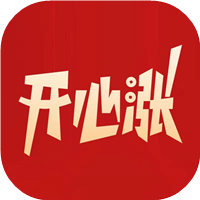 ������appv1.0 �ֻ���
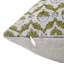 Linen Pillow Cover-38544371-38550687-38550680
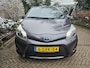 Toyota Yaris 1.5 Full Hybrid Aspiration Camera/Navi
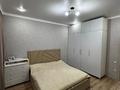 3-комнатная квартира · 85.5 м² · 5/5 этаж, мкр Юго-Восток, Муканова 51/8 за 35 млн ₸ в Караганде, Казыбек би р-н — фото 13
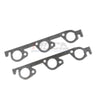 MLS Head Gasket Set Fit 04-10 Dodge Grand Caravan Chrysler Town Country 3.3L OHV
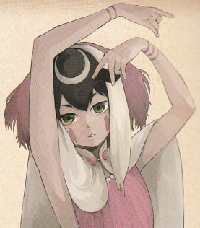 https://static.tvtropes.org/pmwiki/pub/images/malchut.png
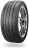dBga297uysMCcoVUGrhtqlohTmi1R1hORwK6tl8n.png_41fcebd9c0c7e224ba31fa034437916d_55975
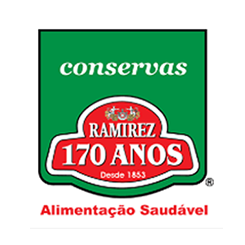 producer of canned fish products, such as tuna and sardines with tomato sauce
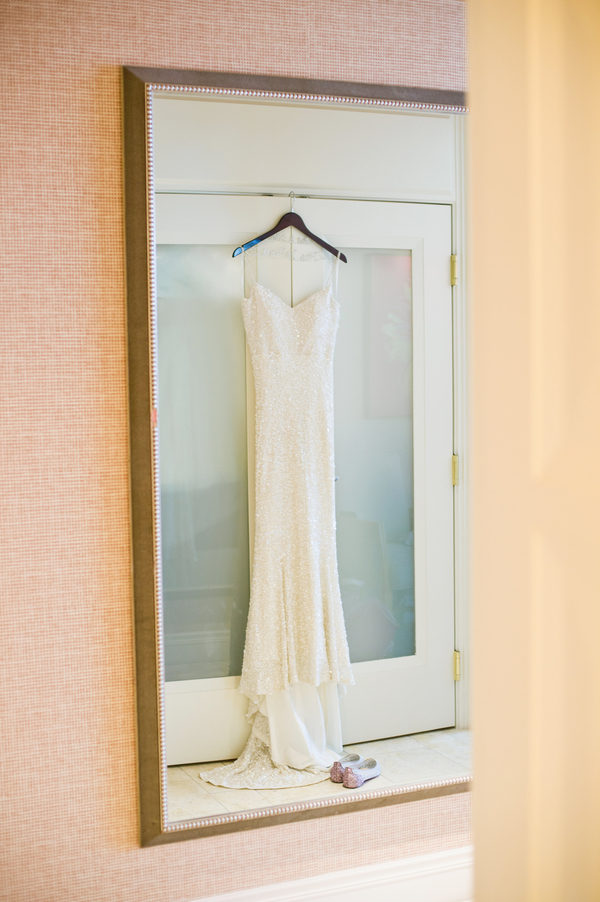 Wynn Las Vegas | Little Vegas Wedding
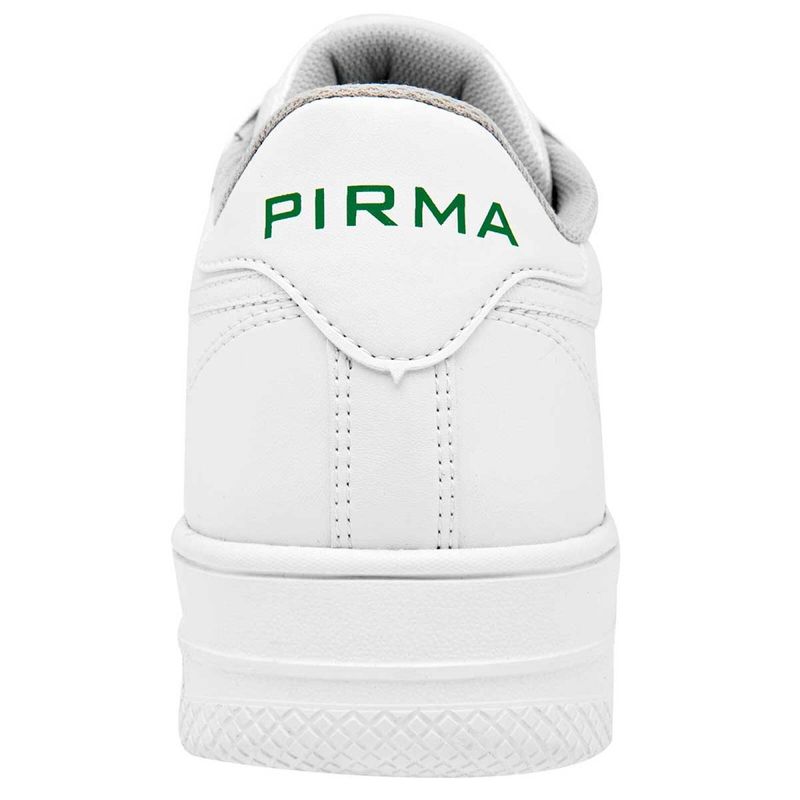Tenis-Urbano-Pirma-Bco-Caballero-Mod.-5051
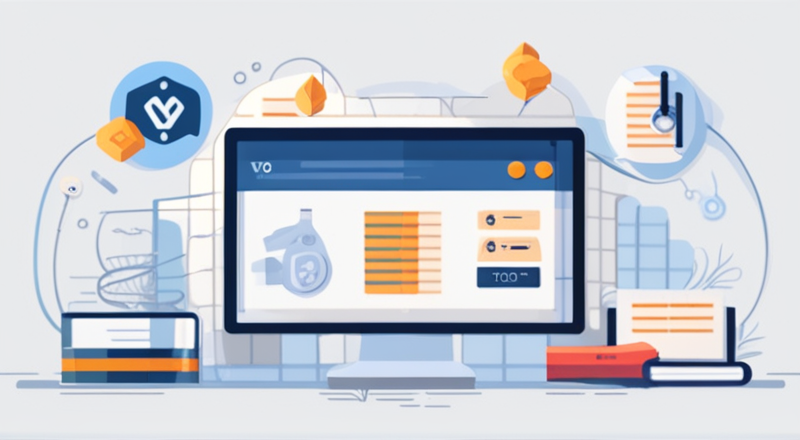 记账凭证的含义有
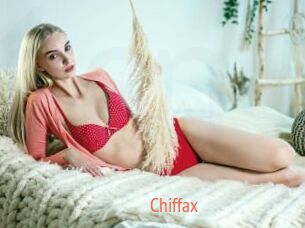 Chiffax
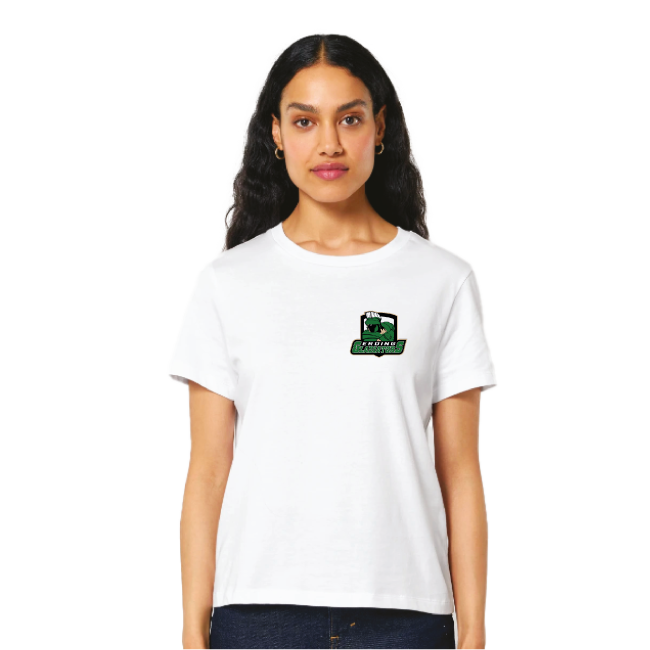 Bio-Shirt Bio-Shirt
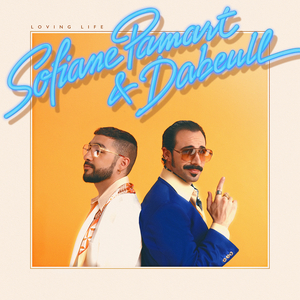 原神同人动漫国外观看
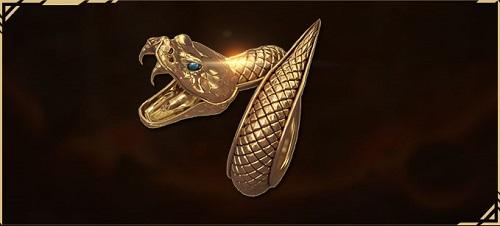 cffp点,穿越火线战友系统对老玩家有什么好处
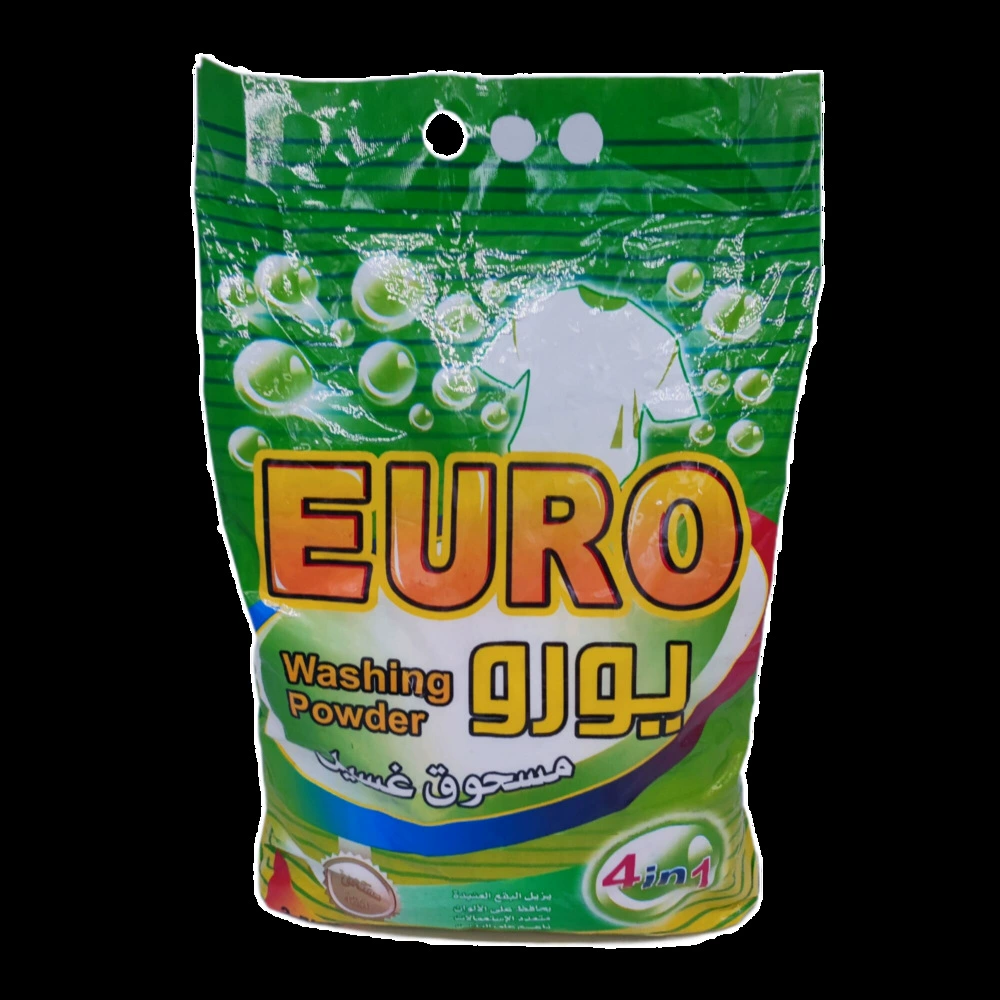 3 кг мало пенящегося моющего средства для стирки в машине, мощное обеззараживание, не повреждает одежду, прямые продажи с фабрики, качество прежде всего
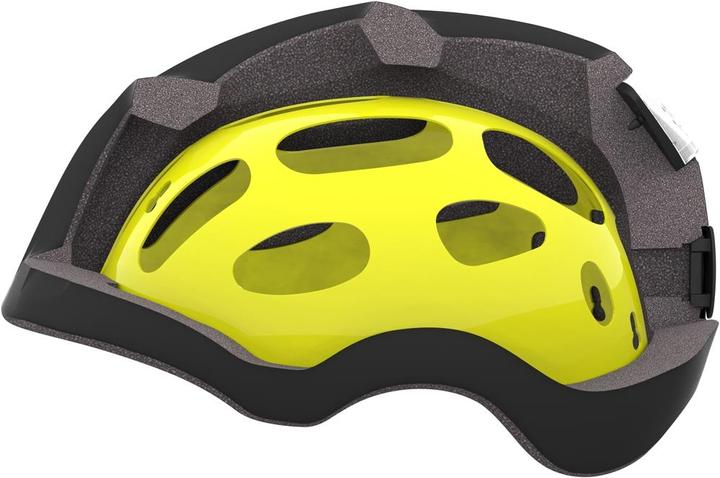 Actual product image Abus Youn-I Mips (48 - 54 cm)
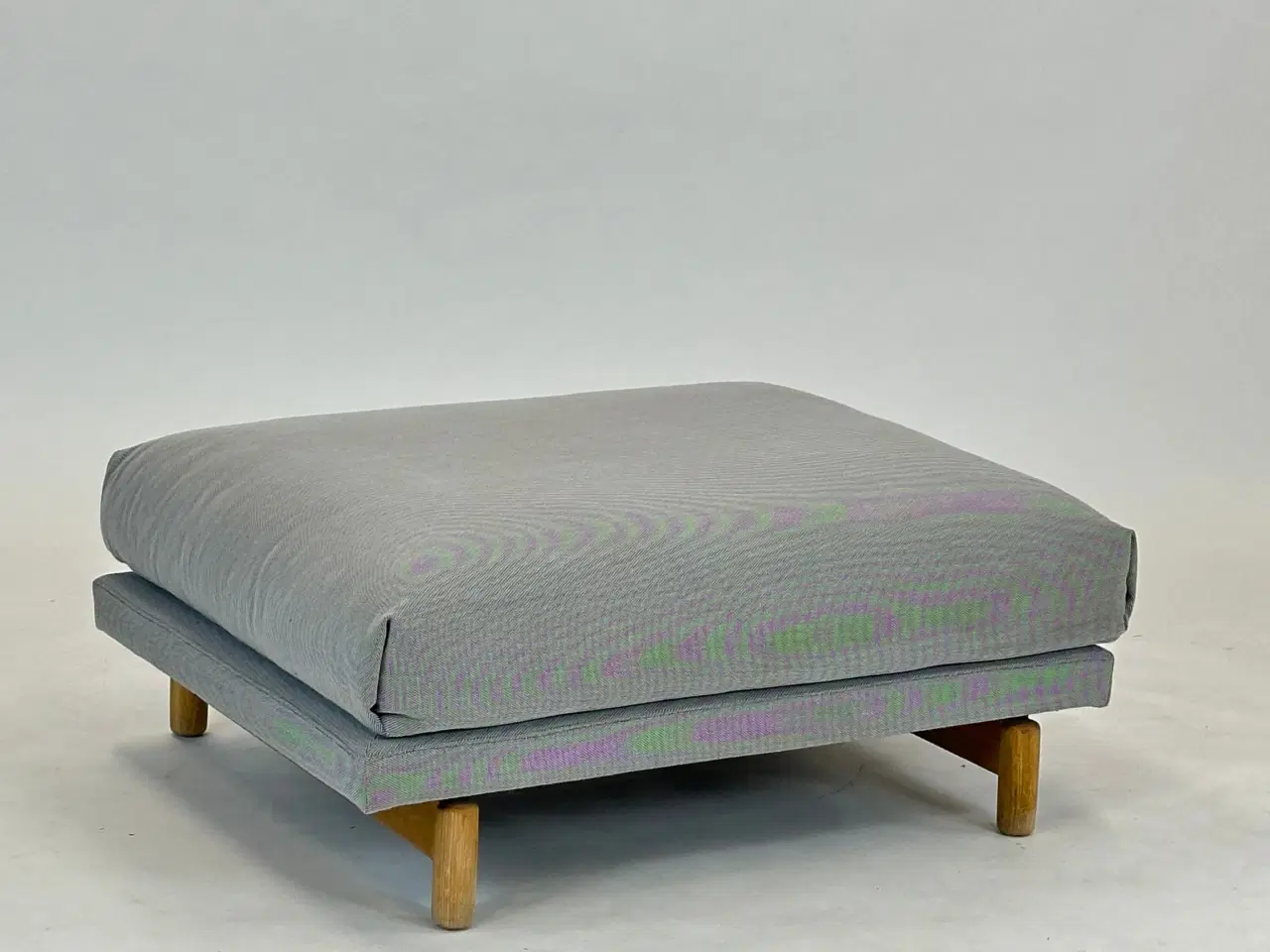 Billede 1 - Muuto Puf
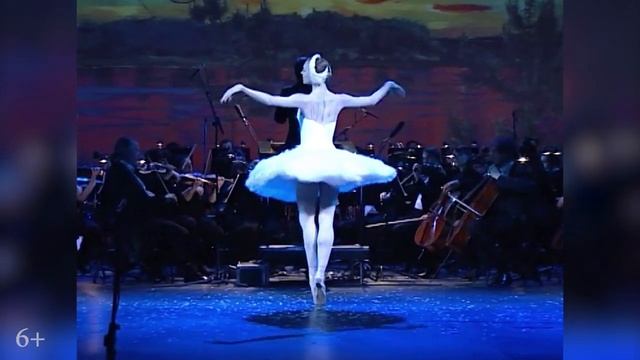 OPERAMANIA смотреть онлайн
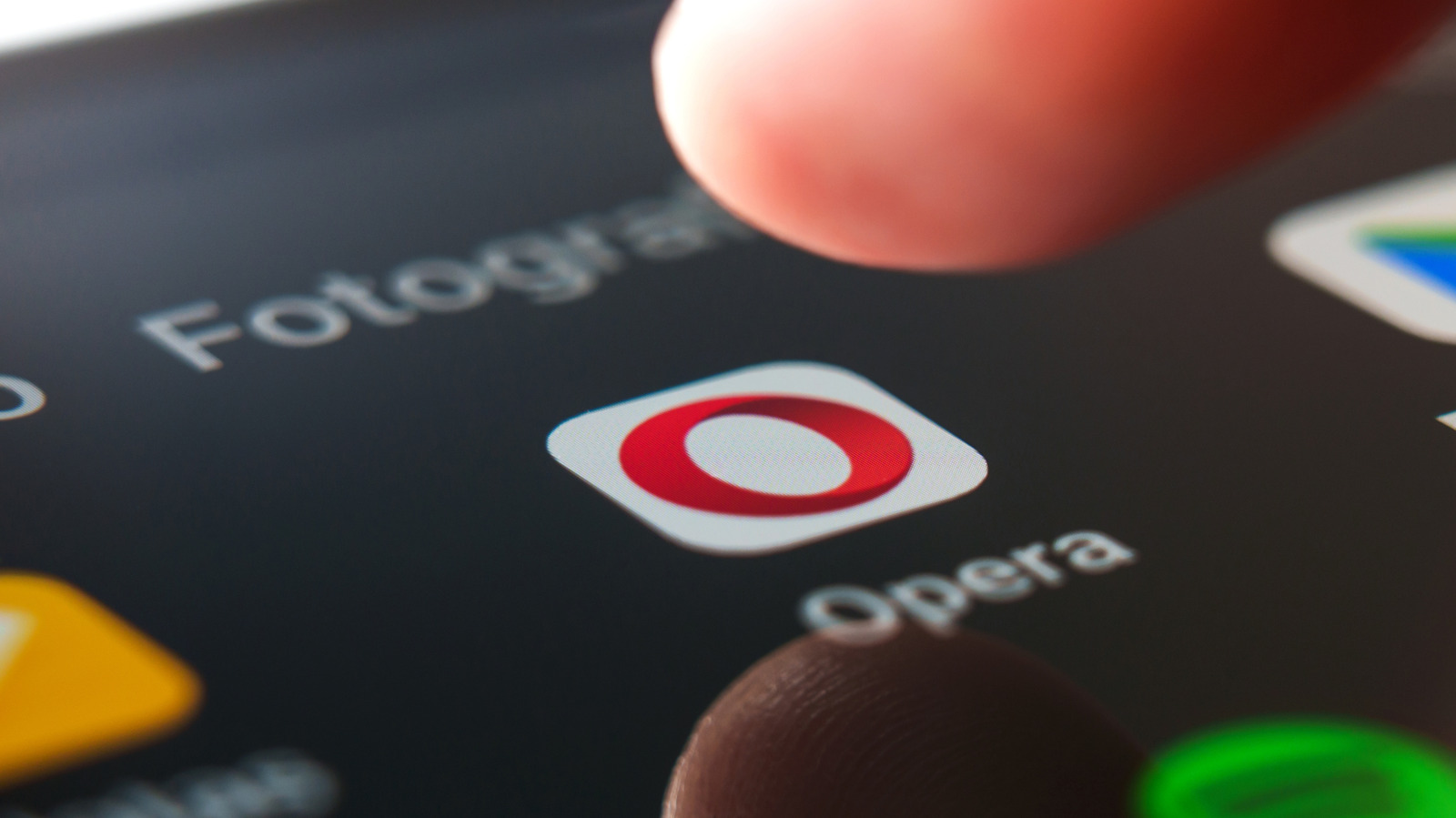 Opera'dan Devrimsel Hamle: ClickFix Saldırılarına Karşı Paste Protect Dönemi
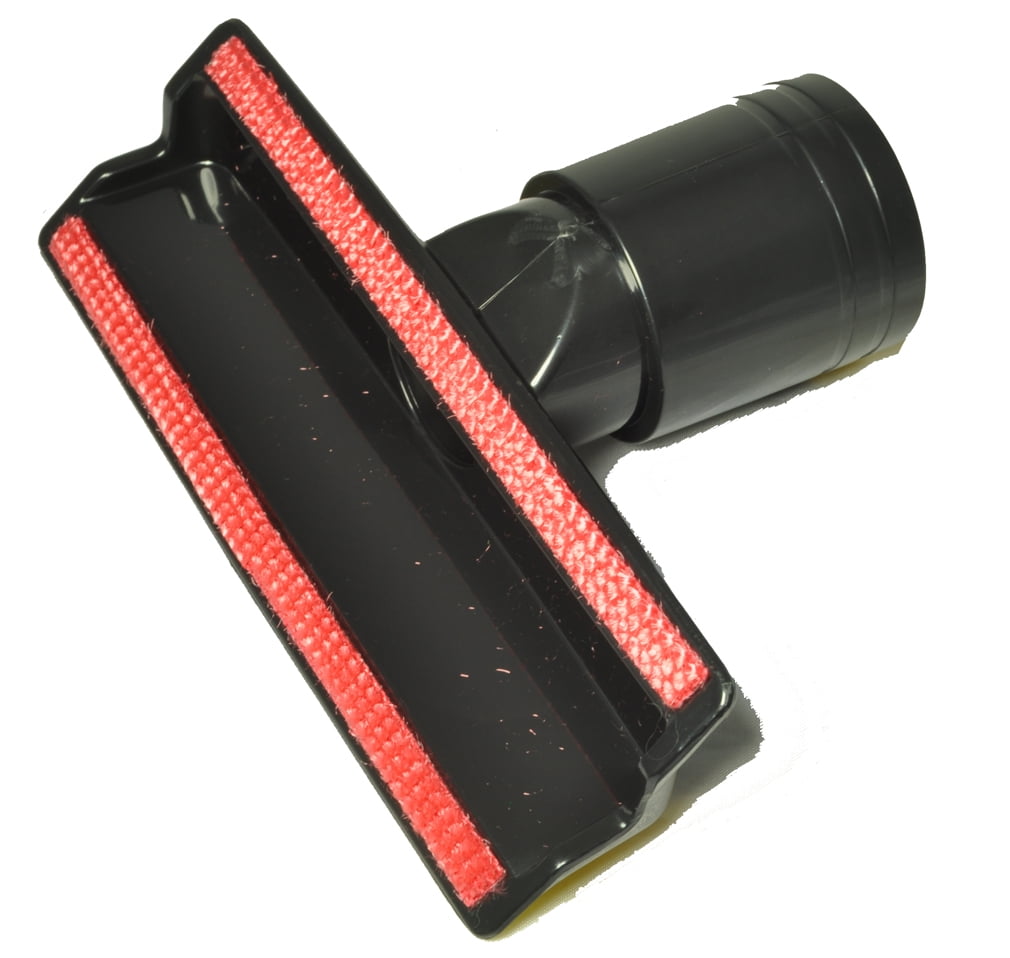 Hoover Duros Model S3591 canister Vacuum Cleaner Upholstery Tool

-*-*-

• _What you should do_
Retype exactly the lines above, starting at the line containing "3 кг мало пенящегося" and ending with the last line, both included; leave out the pictures.

• _Solution below_
 3 кг мало пенящегося моющего средства для стирки в машине, мощное обеззараживание, не повреждает одежду, прямые продажи с фабрики, качество прежде всего
 Actual product image Abus Youn-I Mips (48 - 54 cm)
 Billede 1 - Muuto Puf
 OPERAMANIA смотреть онлайн
 Opera'dan Devrimsel Hamle: ClickFix Saldırılarına Karşı Paste Protect Dönemi
 Hoover Duros Model S3591 canister Vacuum Cleaner Upholstery Tool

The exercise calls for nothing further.